*Material for this exercise*

+--

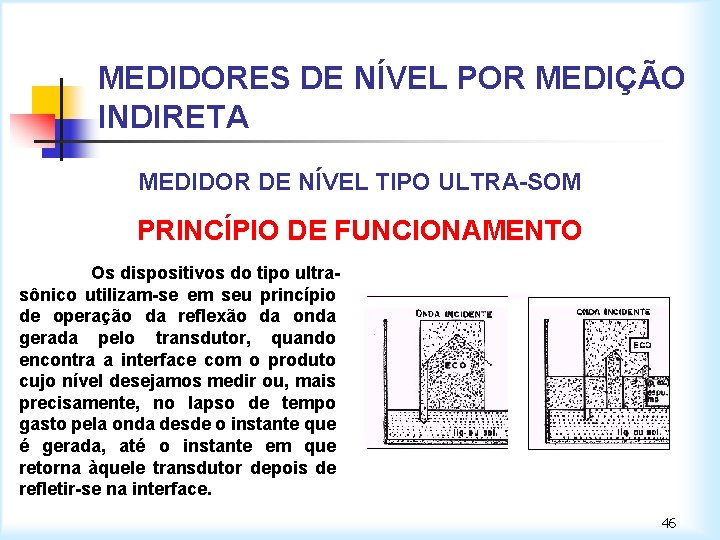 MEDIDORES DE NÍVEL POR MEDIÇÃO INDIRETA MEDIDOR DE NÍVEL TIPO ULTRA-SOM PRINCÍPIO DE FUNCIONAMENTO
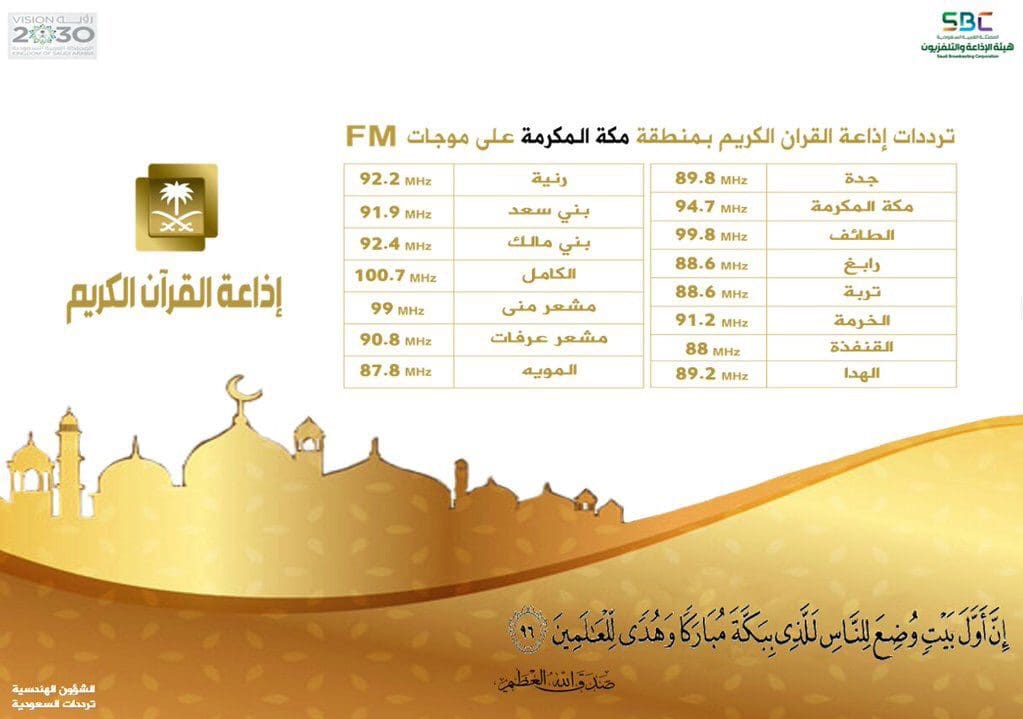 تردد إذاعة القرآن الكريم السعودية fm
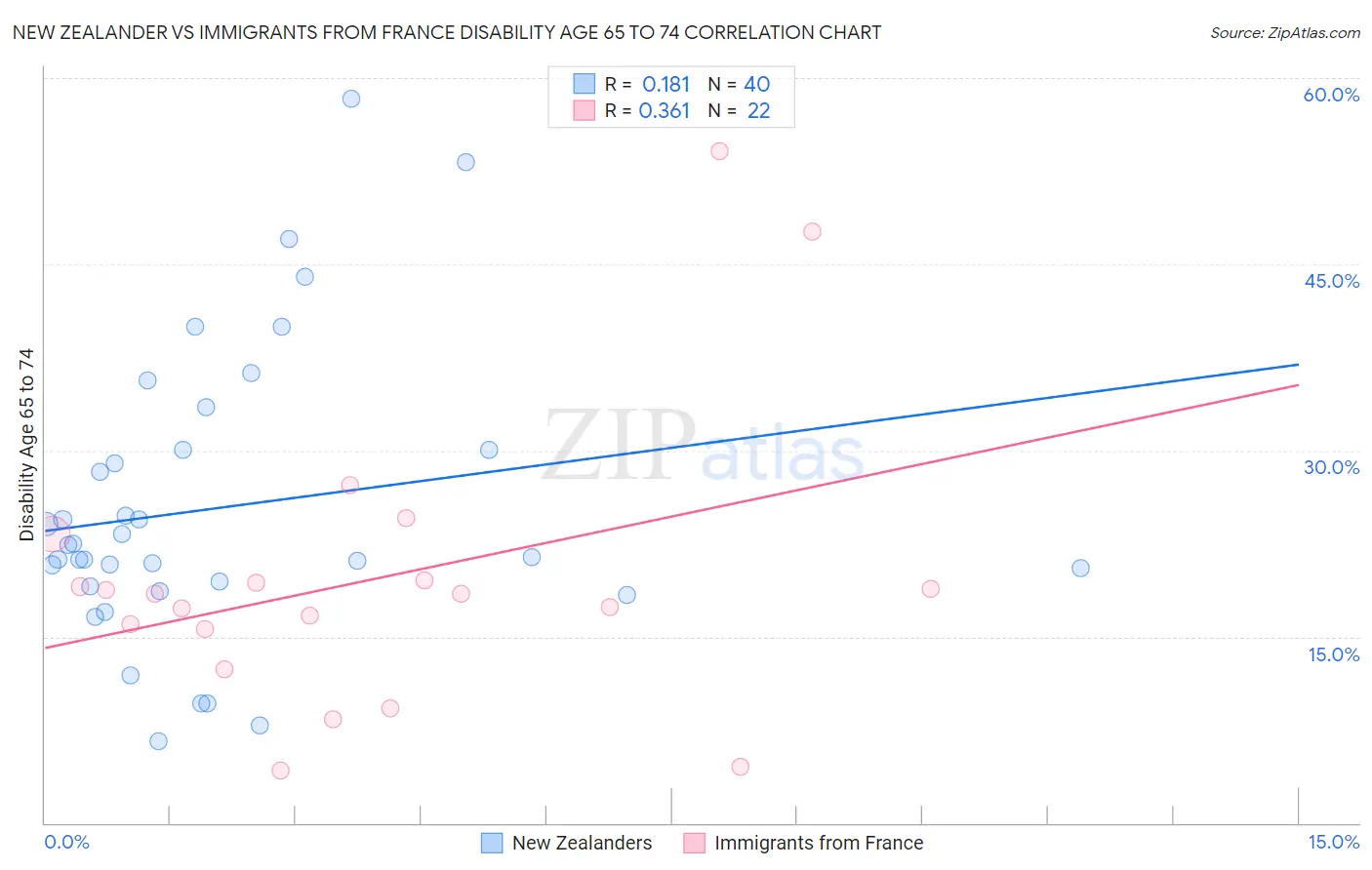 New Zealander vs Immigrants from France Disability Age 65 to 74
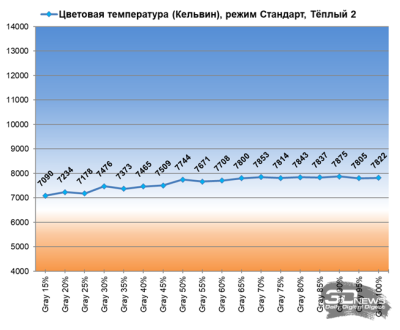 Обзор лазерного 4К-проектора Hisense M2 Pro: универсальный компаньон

+--

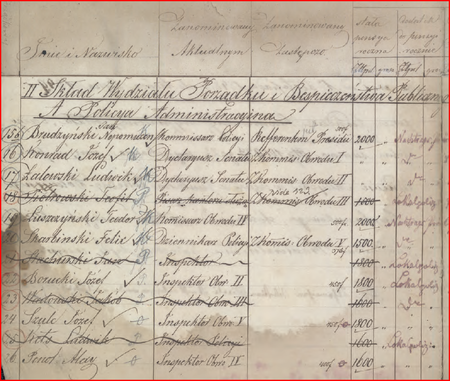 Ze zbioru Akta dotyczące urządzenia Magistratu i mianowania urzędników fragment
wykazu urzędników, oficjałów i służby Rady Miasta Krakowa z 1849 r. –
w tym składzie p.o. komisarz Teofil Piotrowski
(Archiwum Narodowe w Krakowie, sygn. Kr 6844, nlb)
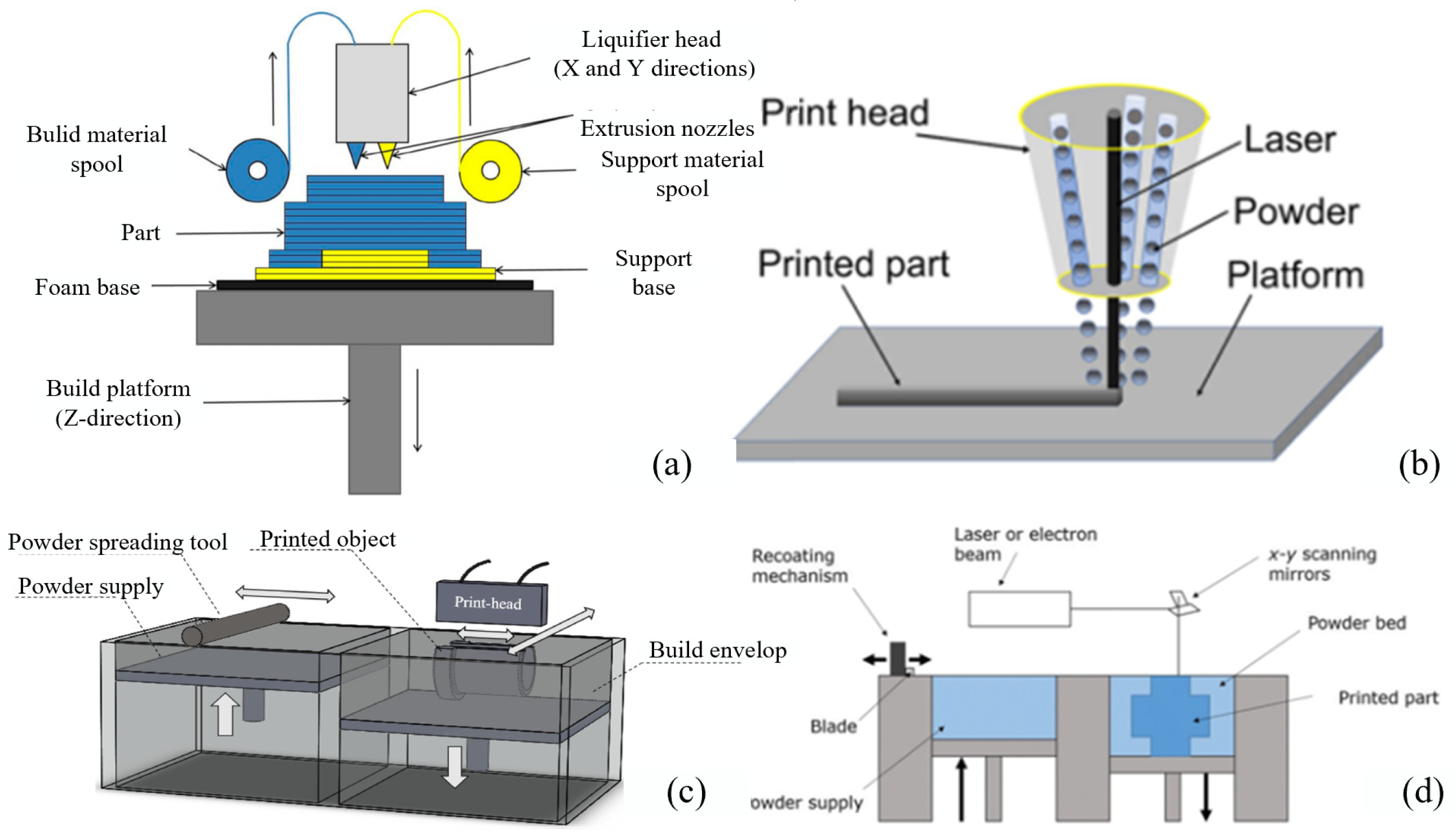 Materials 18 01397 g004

+--

*Work request*
When you reach the line containing "Ze zbioru Akta" in the entries above, begin restating word for word, and stop once the line containing "(Archiwum Narodowe w" has been given. Omit the pictures.

*Written answer*
 Ze zbioru Akta dotyczące urządzenia Magistratu i mianowania urzędników fragment
wykazu urzędników, oficjałów i służby Rady Miasta Krakowa z 1849 r. –
w tym składzie p.o. komisarz Teofil Piotrowski
(Archiwum Narodowe w Krakowie, sygn. Kr 6844, nlb)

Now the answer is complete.